Use Case 2 – VARCHAR Column
The CHAR vs. VARCHAR data types is another issue that can cause a lot of confusion. On many platforms, inserting a value into a CHAR column will pad the string with trailing blanks. This can cause inconsistent query results. This usually manifests itself when trying to do a join, where one column is CHAR and the other is VARCHAR. Ensure you are trimming the strings and CAST to the same datatype to overcome this problem. In the context of this example, the behavior was the same as with the CHAR column.
SELECT ExampleID, VarAlphaMethod, VarAlphaVal FROM Example WHERE VarAlphaVal IS NOT NULL
As we can see, the result set includes the records with the blank and single space in the VarAlphaVal column.
Again, we can use either of the <> or > comparisons in the where clause to get the result set that removes the NULL and blanks as follows:
SELECT ExampleID, VarAlphaMethod, VarAlphaVal FROM Example WHERE VarAlphaVal <> ”
SELECT ExampleID, VarAlphaMethod, VarAlphaVal FROM Example WHERE VarAlphaVal > ”
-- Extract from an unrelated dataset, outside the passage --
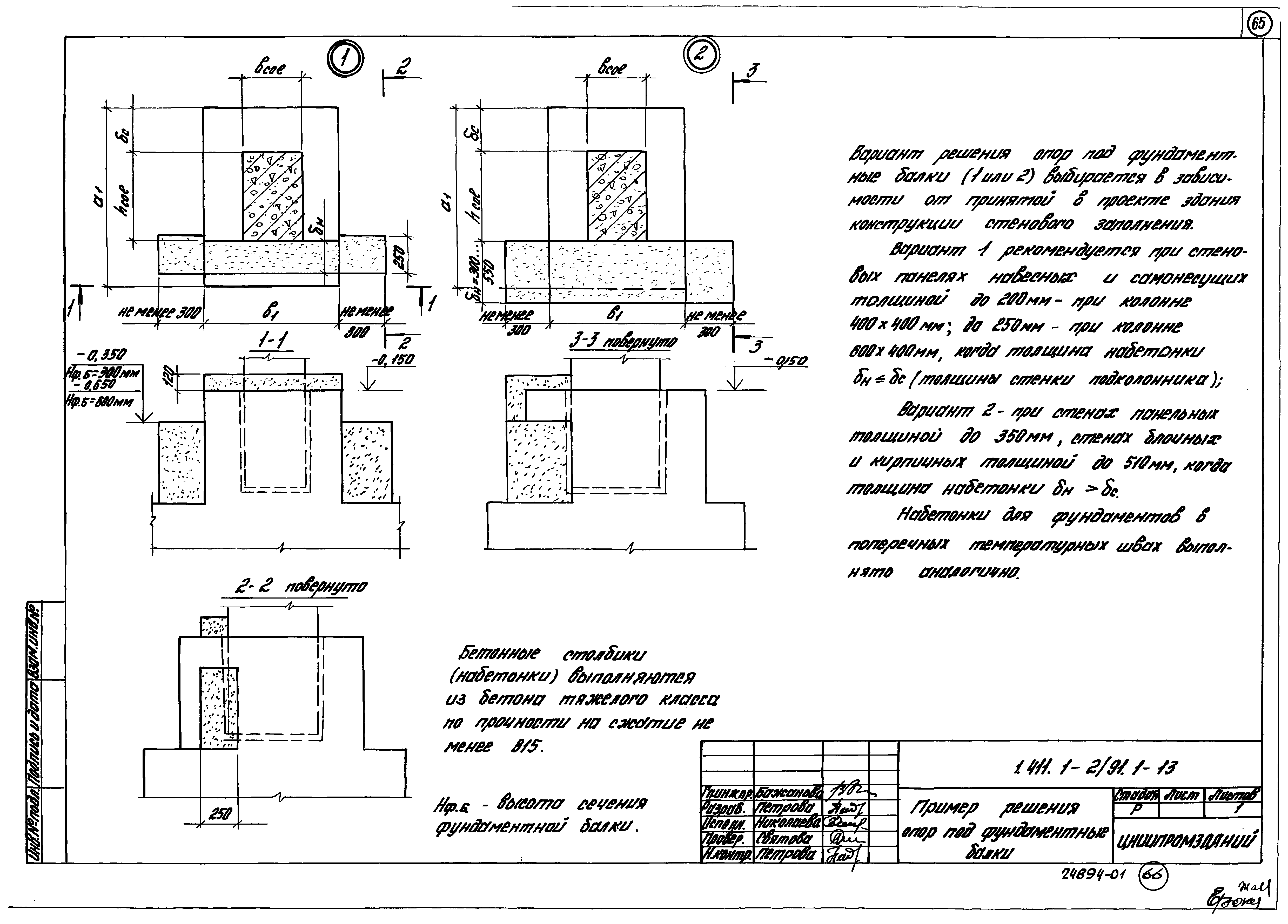 Серия 1.411.1-2/91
Use Case 3 – INTEGER Column
Lastly, let’s examine a situation where the column is numeric. There are similar instances where different applications may populate the column differently. Some may use NULL because there isn’t a value, while others may default to 0 (zero). Assuming we are interested in meaningful, positive values, we can see that different variants of the WHERE clause give us different results (with varying performance), so we want to use the best alternative for our use case:
If we use IS NOT NULL, we are picking up the 0 (zero) valued rows, since it is a valid data value whereas NULL is the absence of a value.
SELECT ExampleID, NumMethod, NumVal FROM Example WHERE NumVal IS NOT NULL
Records with ExampleID of 10 and 12 are filtered out due to the NULL in NumVal.
If we want to exclude 0 (zero) values as well, we would use:
SELECT ExampleID, NumMethod, NumVal FROM Example WHERE NumVal> 0
Note of interest: In SQL Server we can get the same result by comparing to blank:
SELECT ExampleID, NumMethod, NumValFROM Example WHERE NumVal > ”
For numeric columns, the same performance considerations exist as for alphanumeric. Using IS NOT NULL in a WHERE clause can negatively impact performance. It forces the optimizer to do a full table scan, rather than an indexed read for the column used in the WHERE clause.
Summary
Understanding your specific database platform is crucial in determining the behavior induced by NULL vs. blank columns. Understanding your environment is also critical, as the data within that database may not have been populated in the manner you expect. You want to ensure that you write efficient SQL. To test it adequately, you need to use test data sets with thousands or even millions of records. It is also imperative to use proper indexes over the columns used in WHERE clauses, so that the query optimizer builds efficient access plans, keeping table scans to an absolute minimum. Depending on the platform, a NULL will usually be included in an index. However, using IS NOT NULL in a WHERE clause for that same column will force a table scan, which foregoes the efficiency of the index. Using the > or <> comparisons will generally yield the desired result set with greater efficiency, since the indexes are used.